Hello everyone - Hope everyone has/is having a good holiday weekend.
I've come to this board many a time for solace, and have always found emphathetic minds, hearts and souls. So, once again, I turn to you -- my invisible friends (so to speak!), for advice, comfort and prayers (whatever your religious inclinations).
My son is getting married soon and it is a destination wedding. I just found out that my ex-spouse and his wife are attending. Shouldn't have been a big surprise, but initially I had heard that he was coming alone, and I felt I could handle that. I felt all along that for one reason or another that she would, indeed, accompany him.
I have spent the last couple of days looking at old pictures, trying to put together some remembrances for my son (of his childhood). The pictures of my children are like all pictures of children -- happy and laughing. But, I have been struck by the look on my face -- happy and smiling, also, generally surrounded by my children. I forgot I could smile like that. I chose a few of him and our children, a few of me and the children and some of both of us together (we took a lot of "family" pictures -- although this has made me realize that one thing I am going to do is take a photography class!).

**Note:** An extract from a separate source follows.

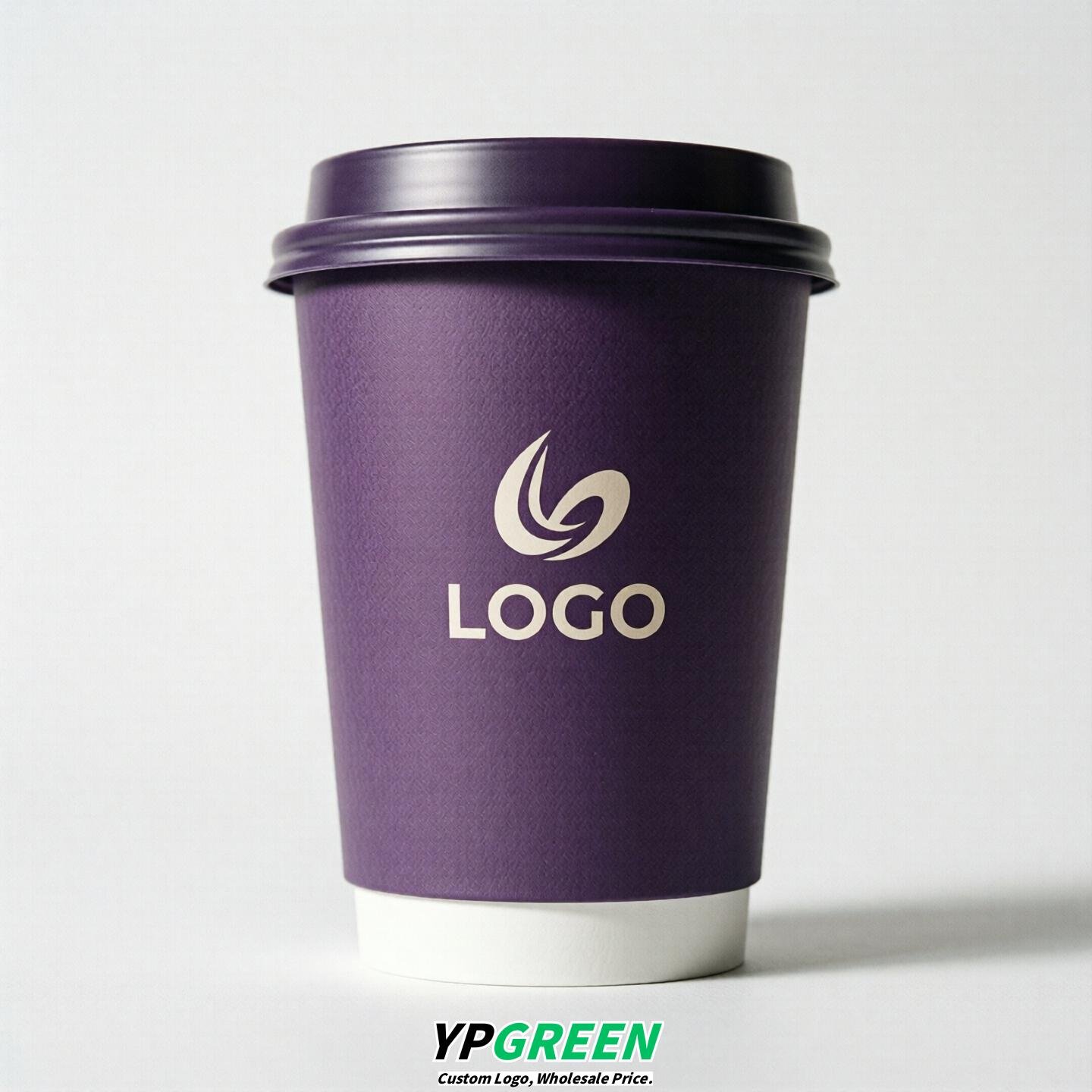 Purple Custom Logo Paper Cups: 8-24oz & Double Wall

Anyway, I've been pretty emotional lately (what news is that?), but finding out about his wife coming and thinking ahead of how alone I am going to feel -- and how out of place I am going to feel -- is, momentarily, driving me a bit crazy. I am so weary of feeling so much pain in situations where I should, instead, be feeling so much happiness.
I have attended two weddings in the last couple of years where there has been a woman in my situation. Both times, I could read the pain on their faces although both conducted themselves graciously. One of the situations actually brought tears to my eyes because I could feel her sense of how her daughter's wedding should have been, partly at least, "her" day, too. After all, she brought her into the world. Instead, she got to walk down the aisle after the ceremony all alone, while her husband walked his brand new and improved wife. She put on a gallant half-smile, but I knew how she felt.

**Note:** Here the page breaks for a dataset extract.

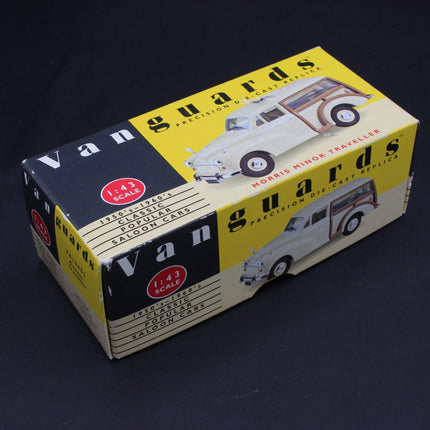 Vanguard model car box with vintage Morris Cream car illustration on a dark background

Now, I am going to be in the place of that woman.
I know I will do my best to "pretend," but I guess right now, in writing this, I just don't want to pretend. I want to say how much this hurts and how unfair I think this all has been. I've been tiptoeing around now for years, always thinking of everyone else -- how important it is to protect everyone else's feelings.

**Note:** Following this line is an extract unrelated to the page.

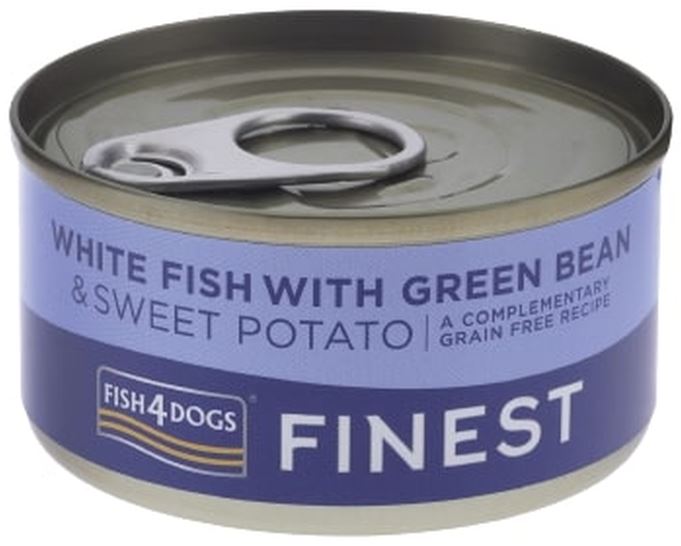 FISH4DOGS Finest Conserva caini, cu Peste alb, Cartofi dulci si Fasole verde 85g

I feel like a hypocrite and that is not a helpful feeling either. I have one girlfriend who recommends that I don't go -- I have one who suggests that reading a book by the water will do the trick -- needless to say, both of these ideas aren't too valuable to me, but I appreciate them talking to me.
Well, what I'm really doing is just venting so that I can gradually release these feelings of pain and just try to be happy for my son and his soon-bride-to-be.
I guess I'm just tired of everything being so hard so much of the time and I'm so very tired of feeling so much pain.
I apologize in advance for the self-pity. I just had to write these feelings down and there isn't a place better than this DS board.
I'm guessing some of you may have gone through this before and I remember some comments, but if any of you have any suggestions or recommendations, please share them with me.
Also, I really, really would appreciate some prayers for this occasion.